German Leopard's-Bane, or Arnica montana, L. an exotic plant growing wild on the Alps, and on the high mountains of Germany.

This vegetable delights in a moist, shady situation : it may be propagated in autumn, when the stalks begin to decay, either by parting the roots, or by sowing the seeds, soon after they become ripe. It is a very hardy plant, and requires no other care than to be kept clear from weeds.

The German Leopard's-Bane possesses an acrid, bitter taste ; and, on bruising it, emits a pungent odour, which excites sneezing. Hence the country people, in some parts of Germany, employ it in snuff, and smoke it as a substitute for tobacco.

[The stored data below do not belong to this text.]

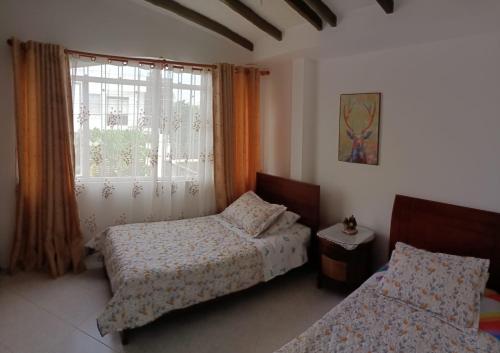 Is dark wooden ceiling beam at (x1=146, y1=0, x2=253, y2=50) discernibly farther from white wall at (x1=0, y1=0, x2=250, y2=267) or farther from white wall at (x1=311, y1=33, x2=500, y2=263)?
white wall at (x1=311, y1=33, x2=500, y2=263)

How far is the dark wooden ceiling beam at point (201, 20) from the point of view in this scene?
10.3 ft

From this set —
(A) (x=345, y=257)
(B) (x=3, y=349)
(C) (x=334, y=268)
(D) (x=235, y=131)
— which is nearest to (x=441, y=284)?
(A) (x=345, y=257)

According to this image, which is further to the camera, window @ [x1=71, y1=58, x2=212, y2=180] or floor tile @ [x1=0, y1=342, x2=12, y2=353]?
window @ [x1=71, y1=58, x2=212, y2=180]

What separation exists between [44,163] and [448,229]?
11.4ft

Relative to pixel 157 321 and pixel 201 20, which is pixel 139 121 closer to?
pixel 201 20

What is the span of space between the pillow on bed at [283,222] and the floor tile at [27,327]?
1.79 metres

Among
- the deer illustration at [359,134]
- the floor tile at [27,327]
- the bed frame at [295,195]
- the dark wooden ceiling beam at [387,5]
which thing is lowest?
the floor tile at [27,327]

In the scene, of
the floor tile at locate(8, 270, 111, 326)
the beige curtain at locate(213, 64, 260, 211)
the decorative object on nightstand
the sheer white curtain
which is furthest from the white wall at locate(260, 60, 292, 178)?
the floor tile at locate(8, 270, 111, 326)

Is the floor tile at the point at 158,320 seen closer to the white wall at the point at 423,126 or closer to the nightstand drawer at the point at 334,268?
the nightstand drawer at the point at 334,268

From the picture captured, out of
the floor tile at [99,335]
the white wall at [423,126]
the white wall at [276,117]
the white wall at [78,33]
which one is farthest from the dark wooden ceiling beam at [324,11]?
the floor tile at [99,335]

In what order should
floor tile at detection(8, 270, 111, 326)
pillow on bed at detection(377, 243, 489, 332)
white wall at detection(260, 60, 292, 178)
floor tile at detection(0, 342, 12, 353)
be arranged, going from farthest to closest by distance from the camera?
white wall at detection(260, 60, 292, 178)
floor tile at detection(8, 270, 111, 326)
floor tile at detection(0, 342, 12, 353)
pillow on bed at detection(377, 243, 489, 332)

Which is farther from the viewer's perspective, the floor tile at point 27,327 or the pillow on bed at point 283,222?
the pillow on bed at point 283,222

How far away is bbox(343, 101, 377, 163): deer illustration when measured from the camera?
3.02 m

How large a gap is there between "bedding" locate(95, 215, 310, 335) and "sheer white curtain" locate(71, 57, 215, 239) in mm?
371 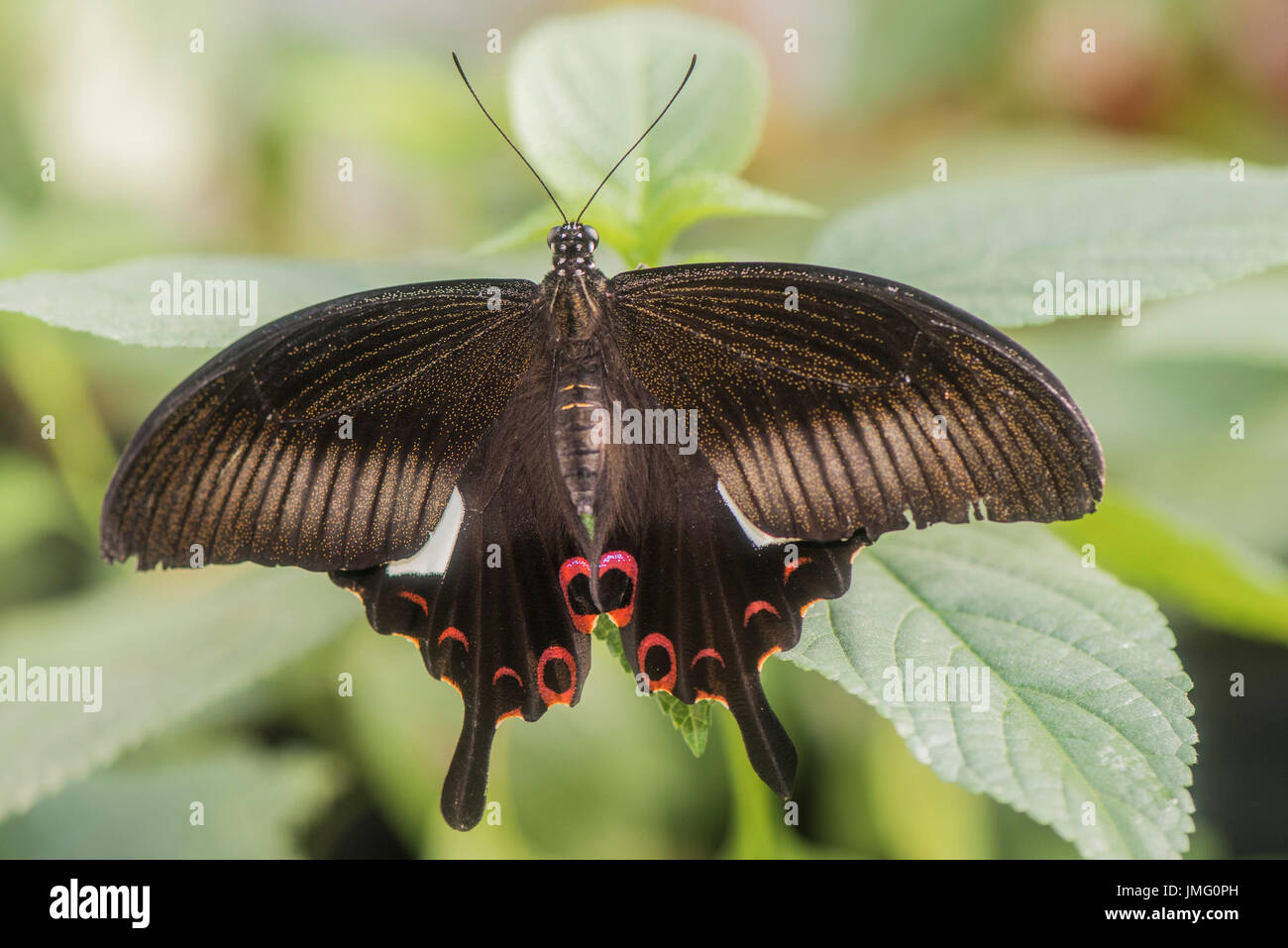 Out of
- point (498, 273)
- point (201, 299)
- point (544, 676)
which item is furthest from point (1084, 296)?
point (201, 299)

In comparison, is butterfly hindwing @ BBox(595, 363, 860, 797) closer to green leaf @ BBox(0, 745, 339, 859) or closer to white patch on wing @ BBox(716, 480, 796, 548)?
white patch on wing @ BBox(716, 480, 796, 548)

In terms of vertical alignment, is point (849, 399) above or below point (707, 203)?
below

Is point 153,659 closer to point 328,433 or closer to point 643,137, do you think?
point 328,433

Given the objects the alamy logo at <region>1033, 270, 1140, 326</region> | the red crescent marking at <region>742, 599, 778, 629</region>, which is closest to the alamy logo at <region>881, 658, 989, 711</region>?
the red crescent marking at <region>742, 599, 778, 629</region>

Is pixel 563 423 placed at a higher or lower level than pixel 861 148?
lower

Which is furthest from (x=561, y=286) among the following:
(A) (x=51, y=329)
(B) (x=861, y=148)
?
(B) (x=861, y=148)
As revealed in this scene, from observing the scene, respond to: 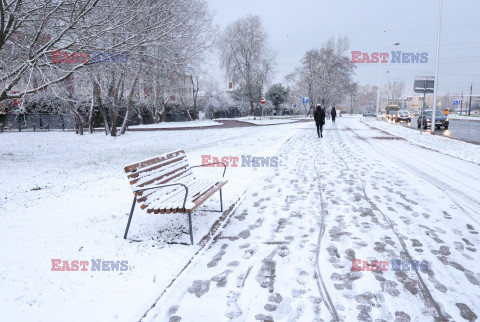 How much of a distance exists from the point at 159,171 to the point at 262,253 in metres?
1.90

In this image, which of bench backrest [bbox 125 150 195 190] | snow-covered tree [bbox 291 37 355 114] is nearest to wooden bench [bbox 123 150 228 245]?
bench backrest [bbox 125 150 195 190]

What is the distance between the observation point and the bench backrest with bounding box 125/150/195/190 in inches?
154

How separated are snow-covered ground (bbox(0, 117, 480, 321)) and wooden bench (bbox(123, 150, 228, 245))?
1.57 ft

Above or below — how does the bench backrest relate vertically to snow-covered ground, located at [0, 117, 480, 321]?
above

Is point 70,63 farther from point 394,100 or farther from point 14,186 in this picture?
point 394,100

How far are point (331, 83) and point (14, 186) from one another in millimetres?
48202

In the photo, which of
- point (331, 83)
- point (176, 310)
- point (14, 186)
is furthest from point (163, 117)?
point (176, 310)

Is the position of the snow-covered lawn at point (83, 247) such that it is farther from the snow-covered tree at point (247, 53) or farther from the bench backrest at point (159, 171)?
the snow-covered tree at point (247, 53)

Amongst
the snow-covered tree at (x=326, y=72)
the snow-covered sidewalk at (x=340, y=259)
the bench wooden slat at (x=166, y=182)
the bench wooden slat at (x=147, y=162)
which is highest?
the snow-covered tree at (x=326, y=72)

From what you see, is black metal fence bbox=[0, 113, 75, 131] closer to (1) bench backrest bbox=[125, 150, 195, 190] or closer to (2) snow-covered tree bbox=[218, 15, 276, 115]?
(2) snow-covered tree bbox=[218, 15, 276, 115]

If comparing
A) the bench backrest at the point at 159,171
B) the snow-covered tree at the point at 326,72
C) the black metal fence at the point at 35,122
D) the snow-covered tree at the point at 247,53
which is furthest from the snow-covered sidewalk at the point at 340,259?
the snow-covered tree at the point at 326,72

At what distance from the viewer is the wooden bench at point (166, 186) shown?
3750 millimetres

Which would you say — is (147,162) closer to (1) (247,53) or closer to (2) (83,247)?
(2) (83,247)

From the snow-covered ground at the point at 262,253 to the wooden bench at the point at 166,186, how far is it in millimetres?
479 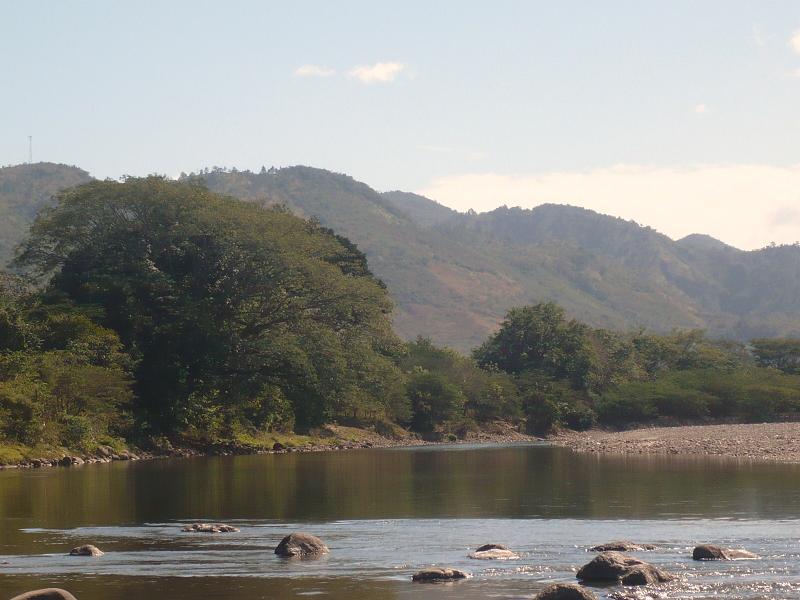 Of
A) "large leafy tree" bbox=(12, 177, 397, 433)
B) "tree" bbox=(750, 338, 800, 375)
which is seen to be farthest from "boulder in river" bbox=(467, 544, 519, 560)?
"tree" bbox=(750, 338, 800, 375)

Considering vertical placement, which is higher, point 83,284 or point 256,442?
point 83,284

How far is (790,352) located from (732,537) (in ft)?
339

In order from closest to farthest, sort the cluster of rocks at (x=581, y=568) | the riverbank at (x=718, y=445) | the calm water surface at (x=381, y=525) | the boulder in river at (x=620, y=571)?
the cluster of rocks at (x=581, y=568) < the boulder in river at (x=620, y=571) < the calm water surface at (x=381, y=525) < the riverbank at (x=718, y=445)

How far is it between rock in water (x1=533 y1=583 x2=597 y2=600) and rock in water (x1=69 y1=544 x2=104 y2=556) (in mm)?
9085

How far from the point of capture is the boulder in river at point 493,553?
68.0ft

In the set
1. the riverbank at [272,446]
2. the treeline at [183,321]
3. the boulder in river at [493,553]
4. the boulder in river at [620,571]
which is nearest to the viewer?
the boulder in river at [620,571]

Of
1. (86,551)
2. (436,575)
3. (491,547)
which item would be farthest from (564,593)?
(86,551)

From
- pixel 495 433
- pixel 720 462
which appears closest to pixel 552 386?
pixel 495 433

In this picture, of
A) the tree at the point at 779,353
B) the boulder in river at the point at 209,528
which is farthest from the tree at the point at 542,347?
the boulder in river at the point at 209,528

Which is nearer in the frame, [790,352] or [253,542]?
[253,542]

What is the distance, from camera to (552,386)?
95.2 m

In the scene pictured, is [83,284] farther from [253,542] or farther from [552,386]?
[552,386]

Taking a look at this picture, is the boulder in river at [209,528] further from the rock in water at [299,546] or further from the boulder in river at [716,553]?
the boulder in river at [716,553]

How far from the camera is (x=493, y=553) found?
20.9 metres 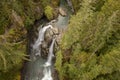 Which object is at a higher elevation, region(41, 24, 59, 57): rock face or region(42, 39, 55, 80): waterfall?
region(41, 24, 59, 57): rock face

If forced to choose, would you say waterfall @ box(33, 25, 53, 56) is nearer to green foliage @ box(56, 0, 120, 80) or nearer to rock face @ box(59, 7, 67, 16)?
rock face @ box(59, 7, 67, 16)

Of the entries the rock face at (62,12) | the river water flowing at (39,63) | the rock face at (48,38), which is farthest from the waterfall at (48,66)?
the rock face at (62,12)

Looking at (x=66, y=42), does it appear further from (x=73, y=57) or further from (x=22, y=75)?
(x=22, y=75)

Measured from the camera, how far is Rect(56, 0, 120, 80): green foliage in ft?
75.0

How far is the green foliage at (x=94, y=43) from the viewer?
22859 millimetres

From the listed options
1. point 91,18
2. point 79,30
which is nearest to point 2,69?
point 79,30

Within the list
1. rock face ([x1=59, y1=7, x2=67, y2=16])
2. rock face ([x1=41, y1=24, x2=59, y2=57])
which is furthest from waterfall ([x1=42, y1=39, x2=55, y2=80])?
rock face ([x1=59, y1=7, x2=67, y2=16])

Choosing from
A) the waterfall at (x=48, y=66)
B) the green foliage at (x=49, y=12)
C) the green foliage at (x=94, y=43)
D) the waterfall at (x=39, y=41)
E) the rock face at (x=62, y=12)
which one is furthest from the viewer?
the rock face at (x=62, y=12)

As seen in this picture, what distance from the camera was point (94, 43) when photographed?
24.1 metres

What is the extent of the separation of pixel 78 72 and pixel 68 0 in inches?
704

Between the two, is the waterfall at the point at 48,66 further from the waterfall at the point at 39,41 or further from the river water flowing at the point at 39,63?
the waterfall at the point at 39,41

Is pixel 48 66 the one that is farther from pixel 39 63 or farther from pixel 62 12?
pixel 62 12

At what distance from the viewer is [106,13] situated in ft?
79.6

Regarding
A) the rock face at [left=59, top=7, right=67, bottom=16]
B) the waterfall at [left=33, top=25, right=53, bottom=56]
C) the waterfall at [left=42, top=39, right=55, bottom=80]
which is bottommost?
the waterfall at [left=42, top=39, right=55, bottom=80] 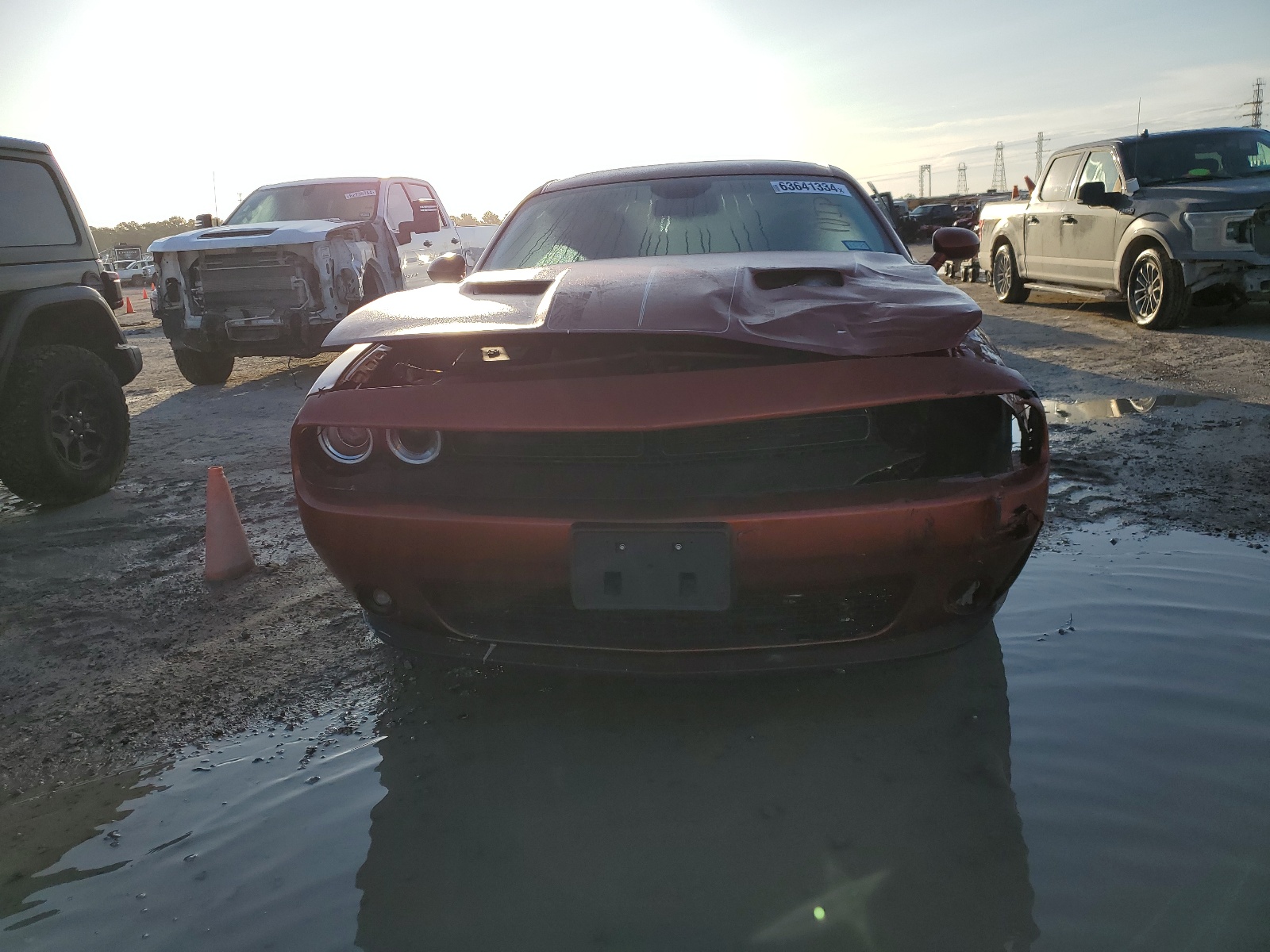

Various medicinal properties are attributed to this vegetable : it has been chiefly recommended in paralytic affections, and in cases of gutta serena. For the removal of such disorders, an infusion is to be made, of from one to four drams of the flowers, in a pint of boiling water; and the liquor to be taken in divided doses, in the course of the day. Although the use of this remedy is frequently attended with no sensible operation, yet sometimes it produces vomiting, sweating, or a copious discharge of urine ; urine; and, in some paralytic cases, the cure is said to be preceded by a peculiar prickling sensation, and by shooting pains in the affected parts. It has also of late been recommended as a very powerful antispasmodic ; and it is said to have been successfully employed in agues, as well as in gangrenous affections ; where it is asserted to be equally efficacious as the Peruvian bark, when administered in the form of an electuary with honey. But, as the alledged virtues of the German Leopard's-bane, have not hitherto been confirmed by the experience of British practitioners, the real efficacy of this active plant remains to be ascertained by future observations. If, however, too large a dose of ne should have been swallowed by mistake, its most effectual antidote will be vinegar, which ought to be taken without delay, in copious draughts.